The answer must consist solely of the line that contains "Norman Rockwell Lithograph" and all subsequent lines of the data, each reproduced exactly.

◆ **Source data**:
====

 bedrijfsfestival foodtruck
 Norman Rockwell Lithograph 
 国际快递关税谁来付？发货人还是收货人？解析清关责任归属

====

◆ **Exercise result**:
 Norman Rockwell Lithograph 
 国际快递关税谁来付？发货人还是收货人？解析清关责任归属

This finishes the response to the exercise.